The animation for this show is far better than what you would expect, and the metal music, written by Small, is actually quite catchy. Dethklok is the coolest fake band since Mr. Show's Indomitable Spirit!
Special Features: The features are hidden; you have to click on cartoon eyes and stuff, and you'll find some funny things when you do. There's an outtake of lead singer Nathan Explosion reading Titus Andronicus, and that's enough for me. There are also videos for "Bloodrocuted" and "Murmaider," a segment on Facebone (Dethklok's mascot) and other moments too weird for the show. I was hoping for some live video footage of the touring band, but I couldn't find any.
This is one of the year's biggest letdowns--not because it's really bad, but because I wanted it to be so good. I'm a huge ABBA fan, but I had never seen the play, so I didn't really know what I was getting into. While Meryl Streep is pretty damn fun to watch here, much of what's going on around her is not.
One of the years' biggest cinematic atrocities would be Pierce Brosnan singing. They didn't let a totally capable Audrey Hepburn do her own singing in My Fair Lady, but they let tone-deaf Brosnan butcher the likes of "S.O.S."
Still, I could've done with the Brosnan honking if the movie's plot had been less moronic. It's about some girl getting ready for her wedding and not knowing who her dad is; they sort of shoehorn ABBA songs into the plot with mixed results. I did like the "Dancing Queen" sequence, and Streep does well with "The Winner Takes It All." Overall, it just feels silly.
Special Features: I have to give the disc props for its features. You get a commentary, a sing-along feature that puts the lyrics on the screen, outtakes, deleted scenes and a deleted musical number ("The Name of the Game").
Easily one of the year's best action movies, with James McAvoy as a pathetic guy who finds out he is the relative of a recently deceased assassin. The assassin was a member of a fraternity with the ability to curve bullet paths, and McAvoy finds out his true calling in life, thanks to the appearance of a mysterious woman (Angelina Jolie).

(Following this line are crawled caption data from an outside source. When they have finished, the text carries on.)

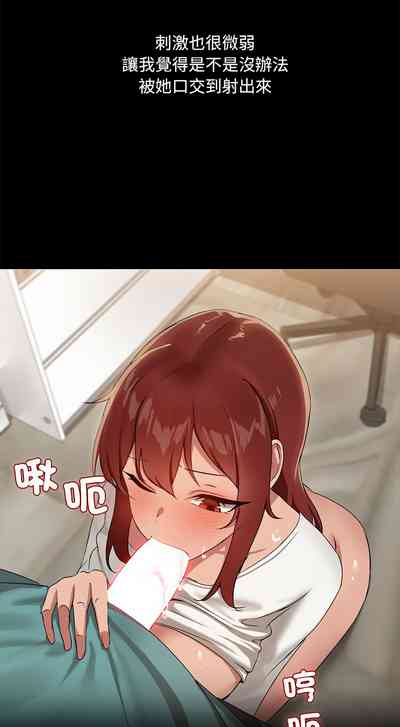 第120页图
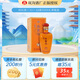 雙溝珍寶坊封壇酒(10) 42度 500ml  高端禮品白酒綿柔 42度 500mL 1瓶 封（10）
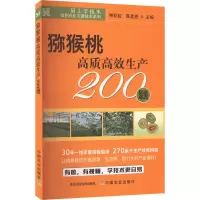[M]猕猴桃高质高效生产200题-9787109300552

The film is one of several this year based on graphic novels, and while the movie doesn't have much in common with its source, it's still pretty damn good. The action scenes pop; Jolie is quite hot; and McAvoy makes for strangely good action star. Throw in an evil Morgan Freeman, and you have a pretty good pedigree.
The film has plenty of edge, earning its R rating. One of the year's better action sequences involves the McAvoy character getting trained on a train. McAvoy and Jolie did some of their own stunts, and that's impressive.
Special Features: An extended scene, lots of mini-documentaries (including one about adapting the comic book to the screen) and plenty about the film's exemplary special effects. There is also a feature where some scenes from the graphic novel are shown through "motion comics"--actual stills from the book with narration.
Judging by this film's fairly weak performance at the box office, chances are you didn't see it in theaters. However, the movie is actually a very pleasant surprise, well worth a look.
Ricky Gervais plays Bertram, a dentist/curmudgeon who can suddenly see dead people--and the dead people want favors. Greg Kinnear is charming as a recently dead husband looking to sew up some issues with his still-living wife, Gwen (Téa Leoni). Problems ensue when Bertram falls in love with Gwen, something of which the ghost does not approve.
Gervais proves he can carry a picture with intermittent charm and grace. Leoni, who can be annoying, gets one of her better roles in years and truly shines. This one is perfect for a stay-at-home date night, if you should have any of those.
Special Features: Gervais and director David Koepp deliver an audio commentary. There are also some features about the film's special effects and a making-of documentary.